La rage au corps (littéralement)

Par Mathieu Van Overstraeten @matvano

Confessions d’un enragé (Nicolas Otero – Editions Glénat)

L’histoire démarre à la fin des années 1970 à Rabat, au Maroc. Liam, un petit garçon de 4 ans, mène une vie heureuse avec ses parents et son grand frère. Comme tous les frangins du monde, les deux garçons se chamaillent en permanence. Ce qui ne les empêche pas d’être inséparables et de profiter pleinement des « barbe-clous » et des parties de foot dans le jardin. Et pourtant, un simple chat va faire basculer le destin de toute leur famille. Un jour, en allant récupérer son ballon au pied d’un arbre, Liam est irrémédiablement attiré par les miaulements glaçants d’un chat errant. Le son est effrayant, mais il fascine le petit garçon, qui s’approche pour voir l’animal de plus près. Trop près. La seule chose dont se souvient Liam après l’attaque du chat, c’est un flash, puis un éclair de douleur. Ensuite, c’est la panique. Liam est transporté d’urgence à l’hôpital, où le diagnostic du médecin est sans appel: le chat avait la rage et l’a transmise à l’enfant, dont le visage est défiguré. On craint pour la vie de Liam, qui pourrait ne pas passer la nuit. Heureusement, une injection antirabique permet de le sauver. Mais Liam ne sera plus jamais le même, car il a été gravement contaminé et son système nerveux mis à rude épreuve. Pour faciliter sa guérison, ses parents décident de retourner habiter en France. Pas facile de retrouver la pluie et le gris quand on est habitué au soleil du Maroc. D’autant plus que Liam, qui continue à recevoir régulièrement des piqûres, a un comportement de plus en plus étrange et agressif. Non seulement le petit garçon développe progressivement une sauvagerie quasiment animale, mais il est comme hanté par le fantôme du chat enragé, qui apparaît dans ses cauchemars toutes les nuits. Le chat finit d’ailleurs par lui lancer un défi. Le félin propose au petit garçon de se manifester à sept reprises dans sa vie, qui seront autant de chances pour Liam de le combattre. Si le chat remporte la mise au terme de ses 7 épreuves, c’est lui qui possédera l’enveloppe humaine de Liam pour toujours. Si c’est le garçon qui gagne, il sera enfin libéré de ce fantôme encombrant…
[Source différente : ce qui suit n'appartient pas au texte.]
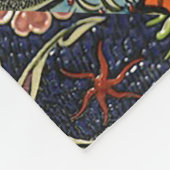 Koi Mosaic Fleece Deken (Hoek)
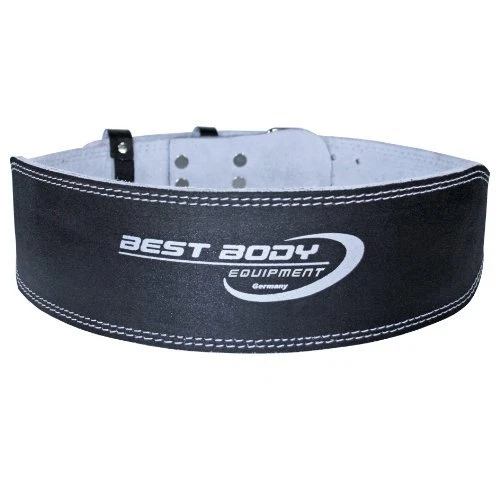 MARKENLOS Best Body Nutrition Leder Gewichthebergürtel Trainings Fitness Gürtel Größe L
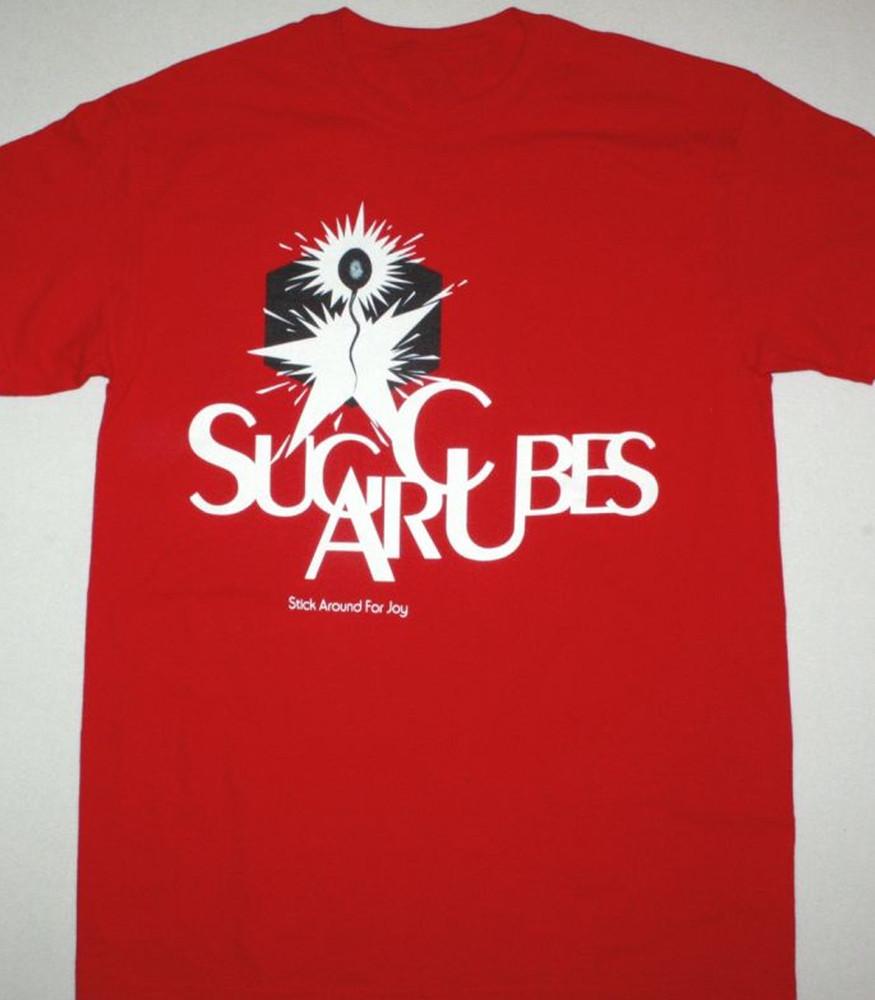 The Sugarcubes rock band Red T-shirt short sleeve All sizes Unisex T-Shirt XXXL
Le terme « enragé » est fréquemment utilisé dans la langue française, surtout lorsqu’il s’agit de désigner des personnes furieuses ou passionnées. Du coup, on est presque surpris de découvrir que « Confessions d’un enragé » raconte littéralement le parcours d’un enragé, c’est-à-dire d’une personne contaminée par la rage. On peut même ajouter que Nicolas Otero le fait avec beaucoup d’application, dans la mesure où il entrecoupe son roman graphique de séquences pédagogiques durant lesquelles un médecin en blouse blanche donne des explications scientifiques parfois très poussées sur les effets dévastateurs de la rage. Un choix narratif plutôt étonnant, mais qui n’alourdit pas la lecture de ce récit initiatique fantastique. Etonnant est d’ailleurs le mot le plus indiqué pour caractériser « Confessions d’un enragé ». A bien des égards, la BD de Nicolas Otero s’avère très surprenante, que ce soit au niveau du dessin et des couleurs ou au niveau de l’écriture et de la construction narrative. Mais le charme opère: tout comme Liam face au chat enragé, on se laisse fasciner par ce récit sombre et tourmenté. Bien sûr, « Confessions d’un enragé » raconte avant tout l’histoire d’un garçon qui tente tant bien que mal de résister à la sauvagerie animale qui sommeille en lui, mais on peut aussi le lire comme un récit métaphorique sur la difficulté de trouver sa place dans la société lorsqu’on est un adolescent enragé. Et bien sûr, si on adopte cette optique-là, le mot « enragé » ne fait pas nécessairement référence à la maladie. C’est en ça que cette histoire rejoint sans doute le vécu de Nicolas Otero, qui a lui-même connu des années « chaotiques et débridées » (dixit son éditeur) avant de s’imposer comme dessinateur de bande dessinée grâce à la série « AmeriKKKa ». Notons enfin que la magnifique couverture de l’album « Confessions d’un enragé » est signée Vérane Otero, qui n’est autre que l’épouse de l’auteur.